**Dataset content**:
——————
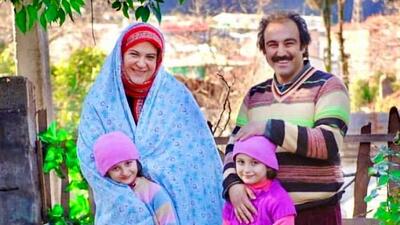  سارا نیکای سریال پایتخت:آقای تنابنده هنوز هم برای ما بابای قصه است! /یک دفعه شنیدیم قرار است دوقلوهای شیرگاهی نقش سارا و نیکا رو بازی کنند/ خیلی ناراحت شدیم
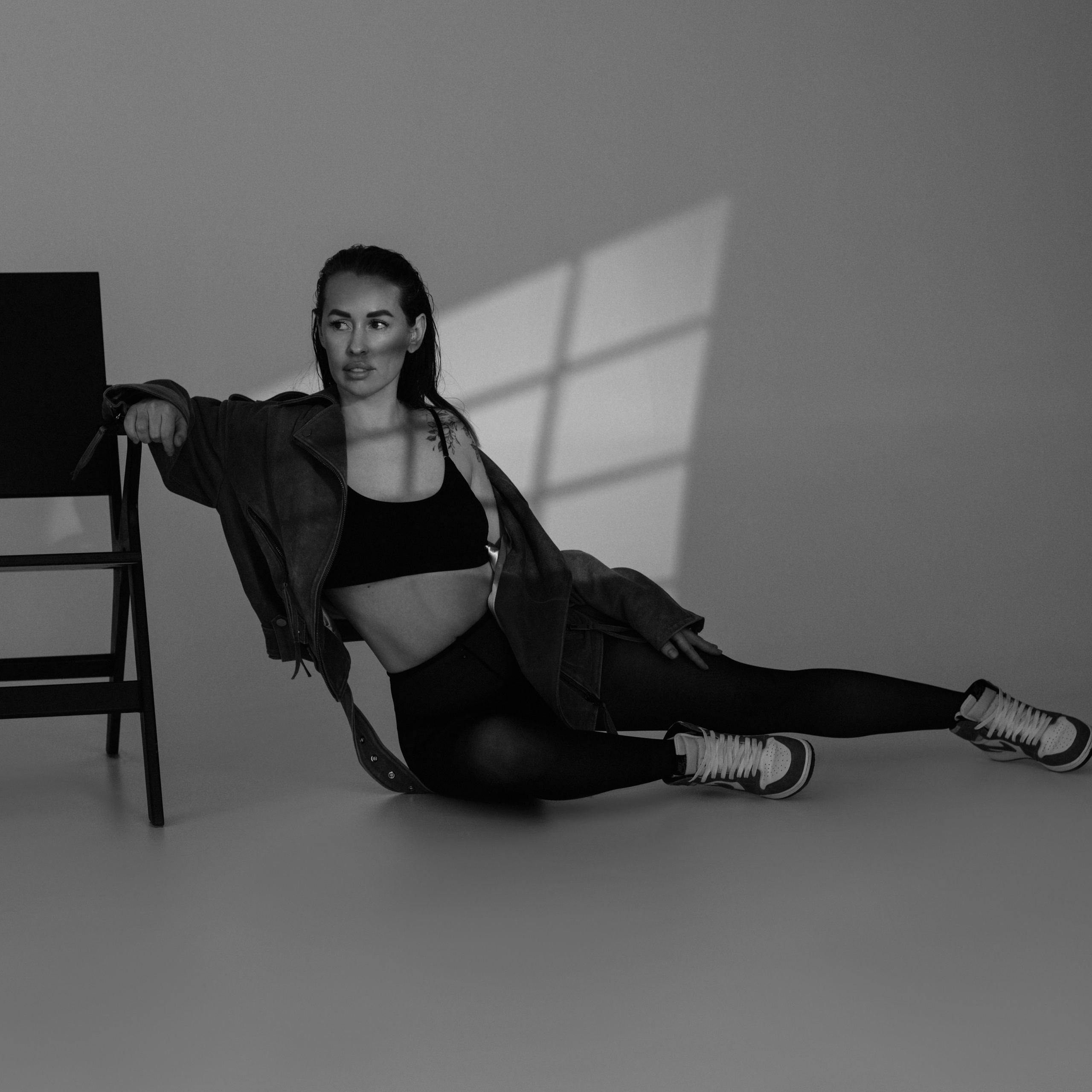 В З Г Л Я Д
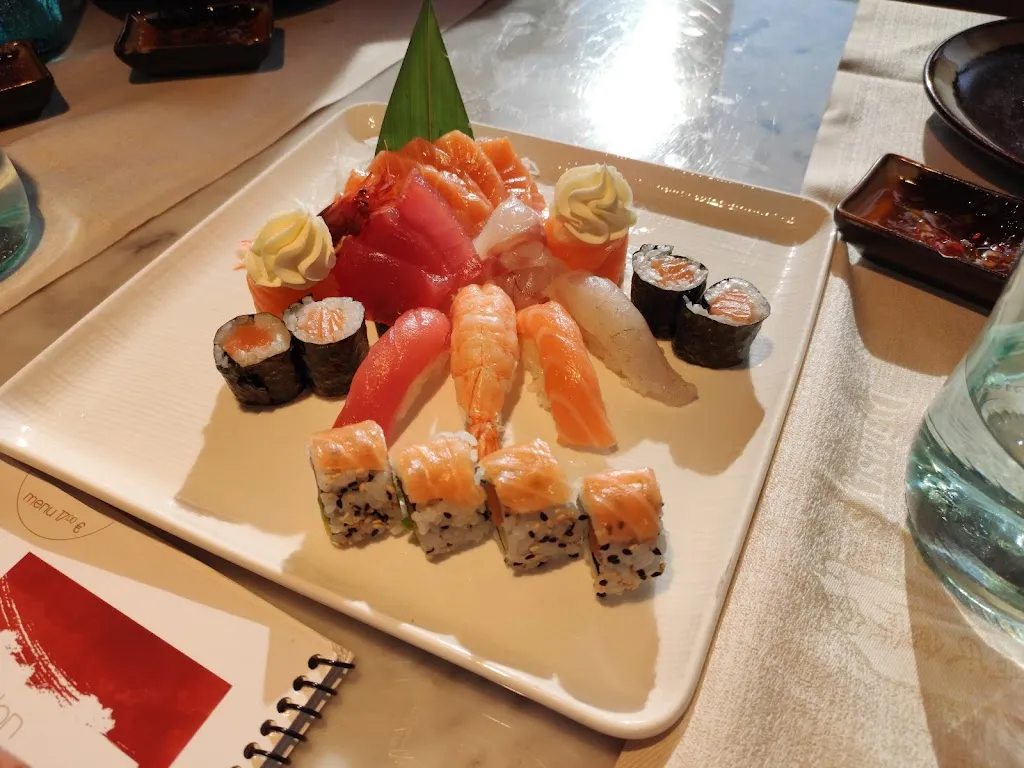 Menu_Gao Dynasty's Sushi Restaurant Mozzate_Mozzate_image_9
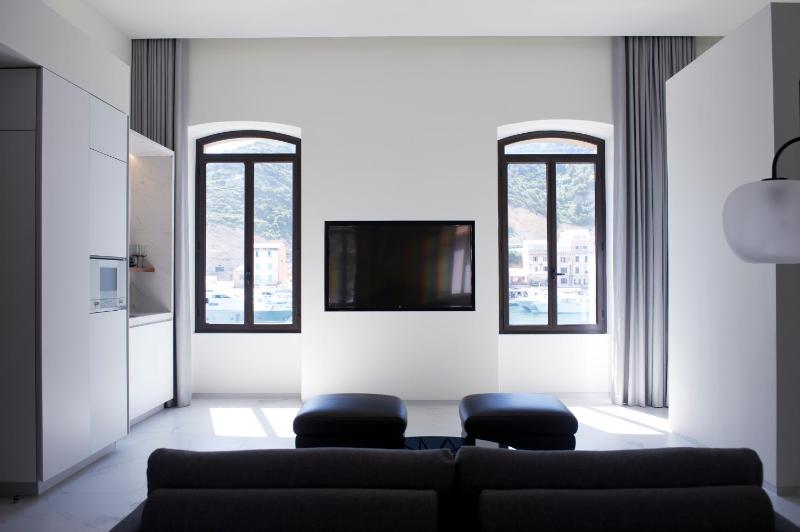 Master Suite - Vue sur Port image 3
——————
Beginning with the line that contains "Menu_Gao Dynasty's Sushi" in the data above, please copy each line exactly until the last line, both ends included, skipping any pictures.

**Response to this task**:
 Menu_Gao Dynasty's Sushi Restaurant Mozzate_Mozzate_image_9
 Master Suite - Vue sur Port image 3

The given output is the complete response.